Thinking about kqueue's and pthread_cond_wait
Daniel Eischen
deischen at freebsd.org
Wed Feb 10 17:32:05 UTC 2010
On Wed, 10 Feb 2010, Randall Stewart wrote:
>
> On Feb 10, 2010, at 8:59 AM, Daniel Eischen wrote:
>
>> On Wed, 10 Feb 2010, Randall Stewart wrote:
>>
>>> Alfred:
>>>
>>> Basically I would like to have a dispatch/reactor loop that can
>>> wait on multiple events.

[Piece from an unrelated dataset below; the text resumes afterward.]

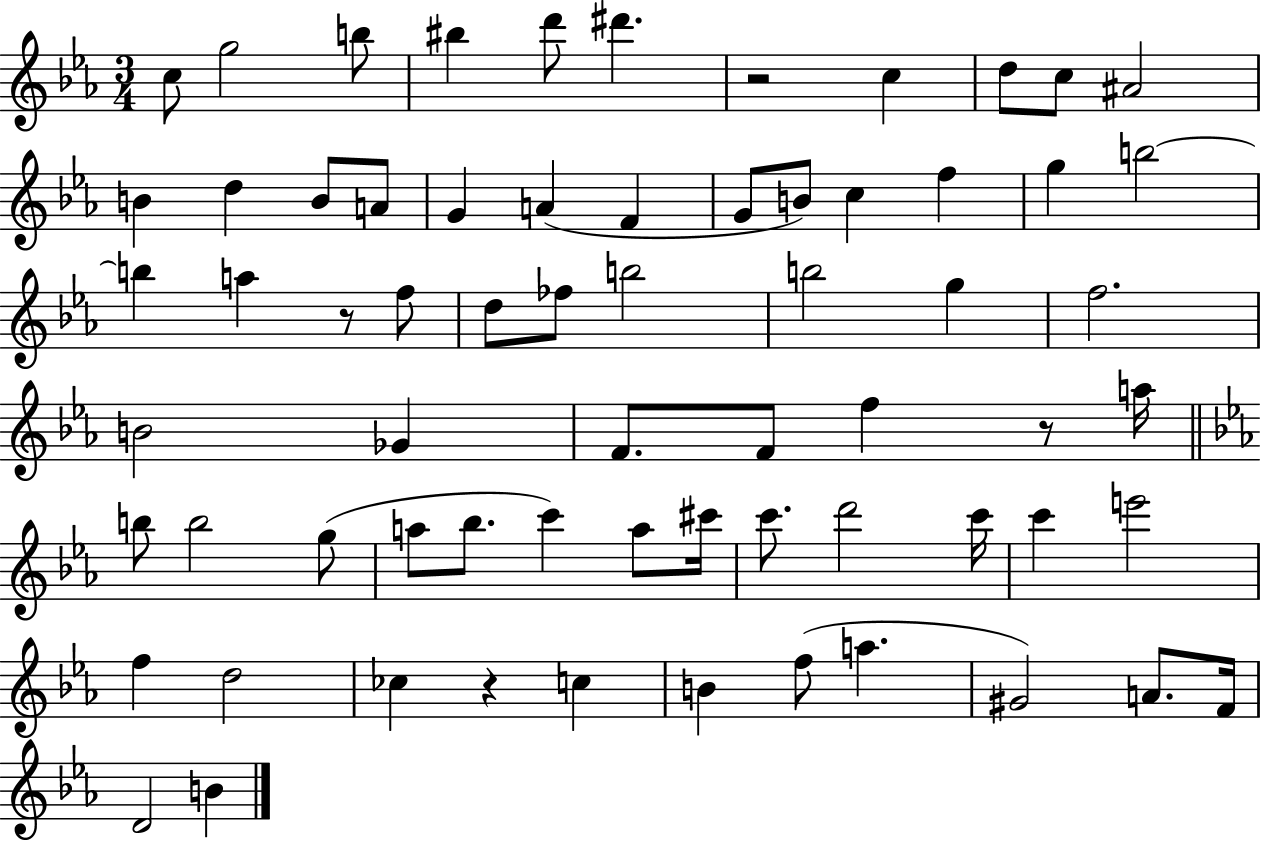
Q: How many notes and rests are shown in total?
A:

Including a condition variable that might
>>> be in shared memory or for that matter some other thread awakening
>>> it to do something without having to create a pipe and write/read
>>> a byte.
>>>
>>> A peer process could also "wake" the condition variable and this
>>> would then show up as an event in my dispatch loop, assuming the cond
>>> variable and mutex are in shared memory that is... For example a
>>> peer could plop some data in shared memory (via a shm queue or
>>> some such other construct) and then do a cond_wake() and ta-da
>>> coolness ;-)
>>
>> Is it really that much different than creating a pipe and
>> adding it to the kevent list? It seems pretty straight forward
>> to use a pipe rather than munge condition variables and mutexes
>> into kqueue. Plus, we don't even support (yet) mutexes and
>> condition variables in shared memory, and if we did, this
>> solution wouldn't be too portable across different FreeBSD
>> releases.
>>
>
>
> Hmm I thought someone said in 9 we are supporting shared memory
> pthreads... which I was hopeful for.. since that would avoid
> internal hacks..
So far only semaphores, but I believe David is working on
mutexes and condition variables. But either way, that would
only be a solution for 9.
>> Whether you are using pthread_cond_signal() or write()'ing
>> a byte to the special pipe, you are still calling in to the
>> kernel to wake another thread stuck in kevent(). You could
>> also send a signal to the thread stuck in kevent() if you
>> wanted to wake it up (EVFILT_SIGNAL).
>
> But these are different things..
So are mutexes. But they can achieve what you want to achieve.
All you want to do is wakeup a thread stuck in kevent().
Munging the pthread_ API is not a unified approach, IMHO.